1.39. L2 Normalization
Calculates L2 normalization by dividing the input tensor by its L2 norm along a specific axis, ensuring that vectors along that dimension have a unit norm while preserving the input shape.
Progress
Optimization Timeline
Step 3 Details
Reasoning
We can improve our fused L2 normalization kernel by fusing the division phase with the norm reduction phase and using vectorized loads and stores when possible. In the updated kernel, each block processes one row of the input. First, we compute the sum of squares using either scalar loads or vectorized float4 loads (if the dimension is divisible by 4, which is often the case). Then, we perform a shared‐memory reduction to compute the L2 norm. We broadcast the computed norm using a shared variable. Finally, we normalize the row elements by dividing by the norm, again using either vectorized or scalar stores. This fusion reduces kernel launch overhead and improves memory throughput. The host function checks if the dimension is divisible by 4 and passes a flag to the kernel. This genuine improvement should further accelerate the kernel over the previous two‐kernel design. Below are the updated Python and CUDA codes.
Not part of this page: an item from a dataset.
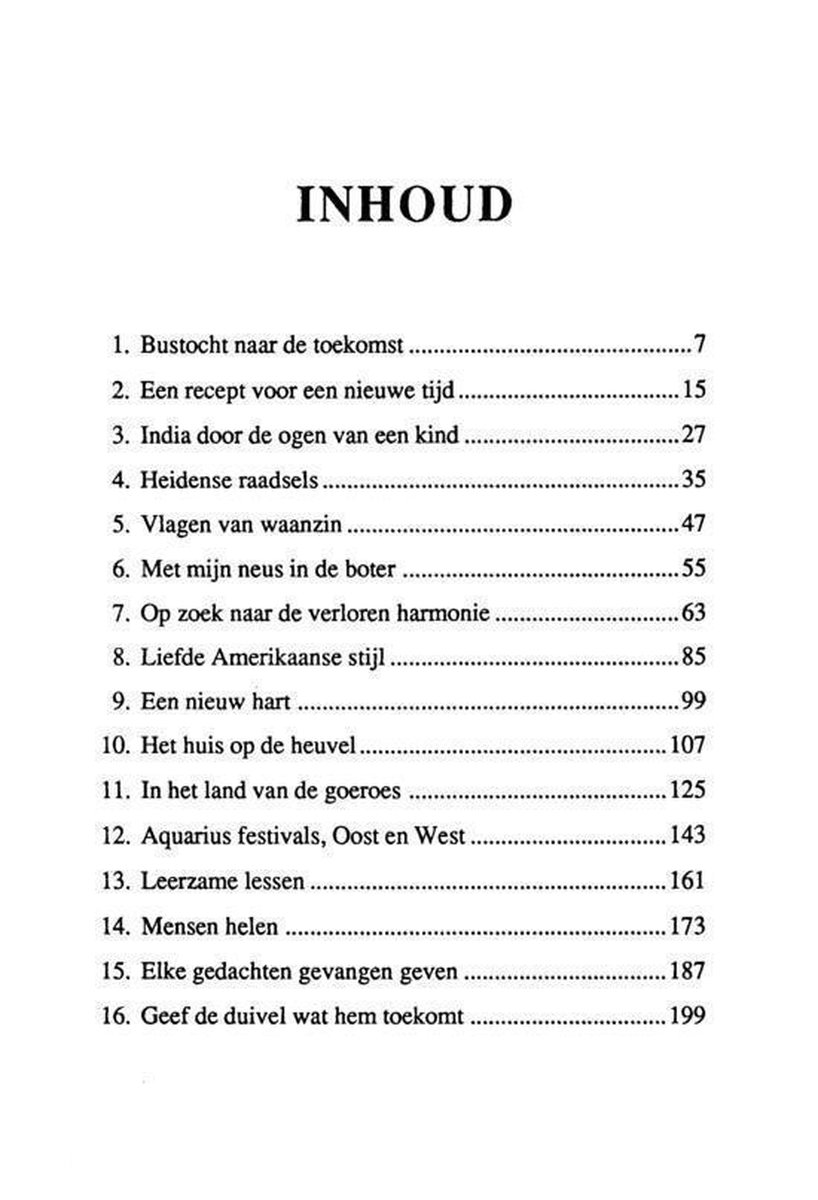 GODEN VAN DE NEW AGE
#include <torch/extension.h>
#include <c10/cuda/CUDAGuard.h>
#include <cuda_runtime.h>
#include <math.h>
// Fused kernel: Each block processes one row of the input tensor (shape: [batch, dim]).
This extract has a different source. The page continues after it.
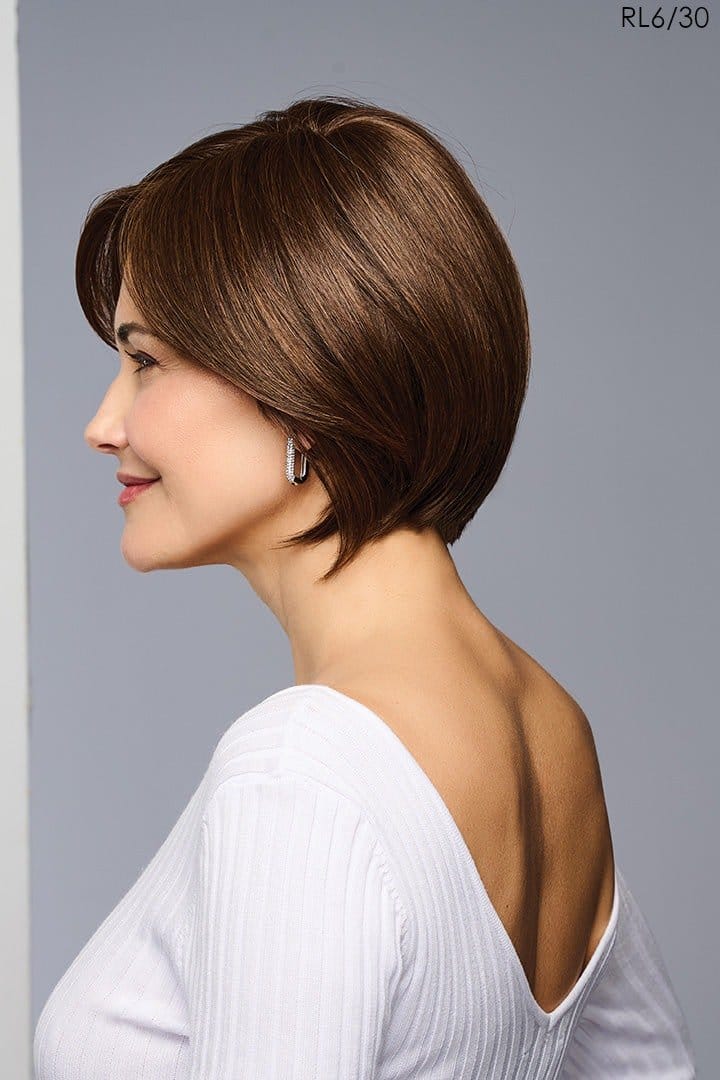 Open Box | Top Billing 8" by Raquel Welch | HF Synthetic Lace Front Hair Topper | Mono Top | RL14/22SS - Image 7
// Based on the flag `use_vectorized` (1 means use vectorized loads and stores if dim is divisible by 4),
// the kernel computes the sum of squares, reduces them to get the L2 norm, and then normalizes the row.
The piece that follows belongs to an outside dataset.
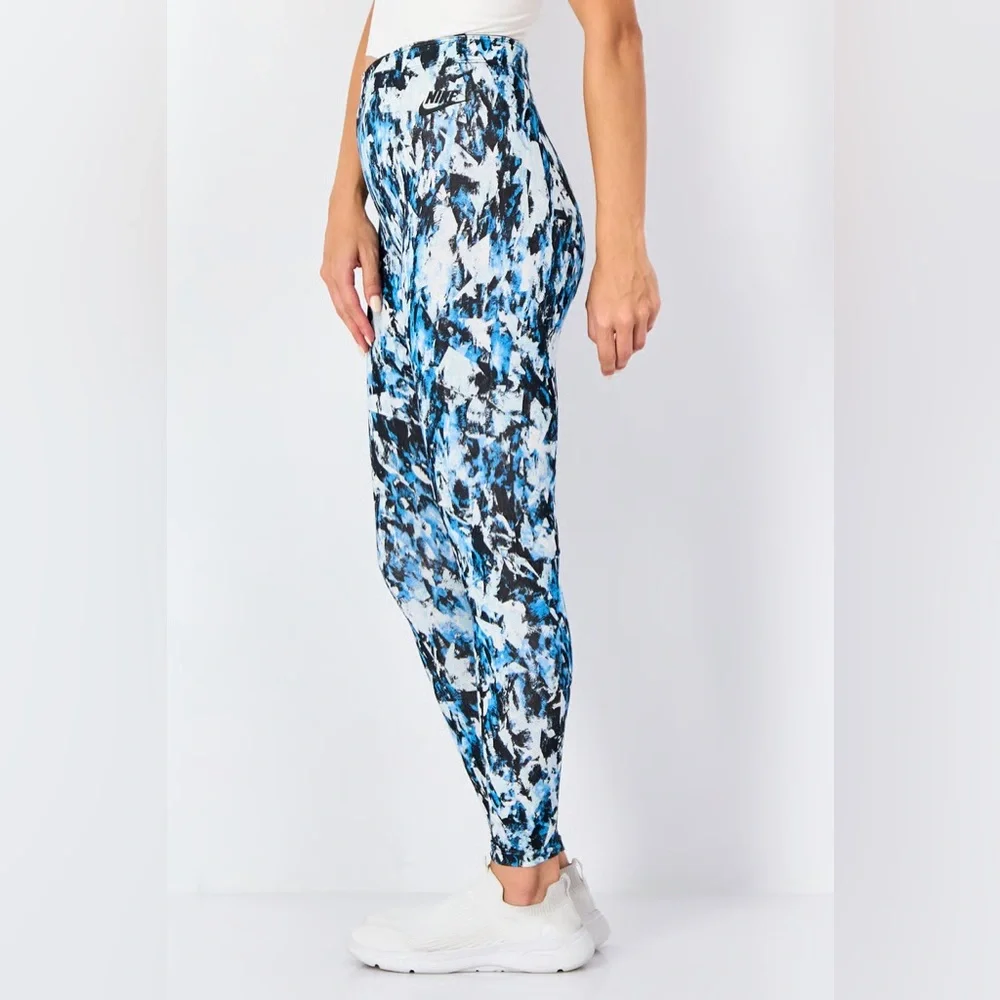 Nike Leg-a-See Mish Mash Leggings - Picture 2 of 9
__global__ void l2norm_fused_kernel(const float* __restrict__ input,
float* __restrict__ output,
int dim,
int use_vectorized) {
int row = blockIdx.x; // one row per block
int tid = threadIdx.x;
extern __shared__ float sdata[]; // shared memory for partial sums
float sum = 0.0f;
if (use_vectorized && ((dim & 3) == 0)) {
// Use vectorized loads if dim is divisible by 4.
int vecCount = dim >> 2; // dim/4
const float4* in4 = reinterpret_cast<const float4*>(input + row * dim);
for (int i = tid; i < vecCount; i += blockDim.x) {
float4 v = in4[i];
sum += v.x*v.x + v.y*v.y + v.z*v.z + v.w*v.w;
}
} else {
// Scalar loop.
for (int i = tid; i < dim; i += blockDim.x) {
float v = input[row * dim + i];
sum += v * v;
}
}
sdata[tid] = sum;
__syncthreads();
// Perform reduction in shared memory.
for (int s = blockDim.x / 2; s > 0; s >>= 1) {
if (tid < s) {
sdata[tid] += sdata[tid + s];
}
__syncthreads();
}
// Broadcast the norm.
__shared__ float norm_shared;
if (tid == 0) {
norm_shared = sqrtf(sdata[0]);
if (norm_shared < 1e-6f)
norm_shared = 1.0f;
}
__syncthreads();
float norm = norm_shared;
// Normalize the row.
if (use_vectorized && ((dim & 3) == 0)) {
int vecCount = dim >> 2;
const float4* in4 = reinterpret_cast<const float4*>(input + row * dim);
float4* out4 = reinterpret_cast<float4*>(output + row * dim);
for (int i = tid; i < vecCount; i += blockDim.x) {
float4 v = in4[i];
float4 res;
res.x = v.x / norm;
res.y = v.y / norm;
res.z = v.z / norm;
res.w = v.w / norm;
out4[i] = res;
}
} else {
for (int i = tid; i < dim; i += blockDim.x) {
float v = input[row * dim + i];
output[row * dim + i] = v / norm;
}
}
}
torch::Tensor l2norm_forward(torch::Tensor input) {
// Ensure the correct CUDA device.
c10::cuda::CUDAGuard device_guard(input.device());
// Input tensor is assumed 2D [batch, dim].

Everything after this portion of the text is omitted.